10

I'm following the standard of W3C here http://www.w3.org/TR/CSS2/ui.html and here http://www.quirksmode.org/css/cursor.html#note. However, the element isn't displayed the hand when mouseover. Please help.

<a style="cursor:pointer;cursor:hand" onclick='javascript:window.open("http://www.facebook.com/sharer.php?u=<?php the_permalink(); ?>&amp;t=<?php single_post_title(); ?>", "_blank", "toolbar=no,location=no,directories=no,status=yes,menubar=no,scrollbars=no,resizable=no,copyhistory=no,left=300,top=100,width=626,height=436")'>[image goes here]</a>

When viewing with IE9 and mouseover, it doesn't change the cursor into the "hand", but it's just the regular arrow instead.
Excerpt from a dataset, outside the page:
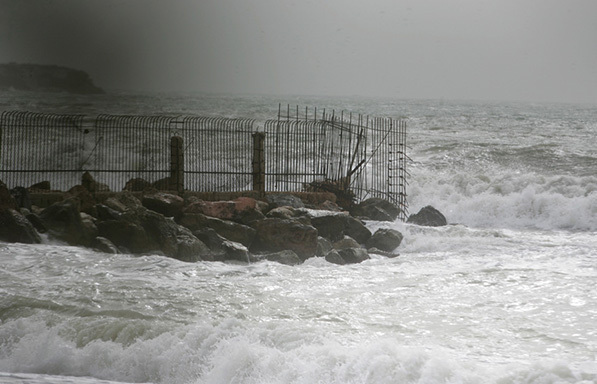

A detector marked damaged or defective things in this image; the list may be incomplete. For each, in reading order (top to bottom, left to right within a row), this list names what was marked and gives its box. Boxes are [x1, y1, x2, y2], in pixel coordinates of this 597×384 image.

damaged fence [0, 108, 408, 220]
bent fence section [0, 108, 408, 220]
Please advise.

Thanks!

3
  • Check your DOCTYPE as often IE needs to be in standards compliant mode for this sort of thing to work. Commented Dec 3, 2010 at 7:33
  • 1
    It would be much much easier to just give the anchor a href attribute, such as <a href="#" or <a href="javascript:;" Commented Dec 3, 2010 at 7:40
  • 1
    if i use the "#" syntax, after clicking on the img link, it "kicks" me to the top of the page, thinking there's an anchor in my page. if i use href="javascript:;", it looks kinda ugly when mouseover :(
    – Tam N.
    Commented Dec 3, 2010 at 16:20

4 Answers 4

30

It should be cursor: pointer; alone because hand is a proprietary value only implemented by old versions of IE, and is thus an invalid value.

If you actually care about IE 5.x, though, you switch the two properties around, i.e. (cursor: hand; cursor: pointer, hand comes first). Your CSS will still invalidate though, so I'd rather you not bother.

0
3

hand is not a valid value for cursor -- it is IE8- legacy. Use pointer.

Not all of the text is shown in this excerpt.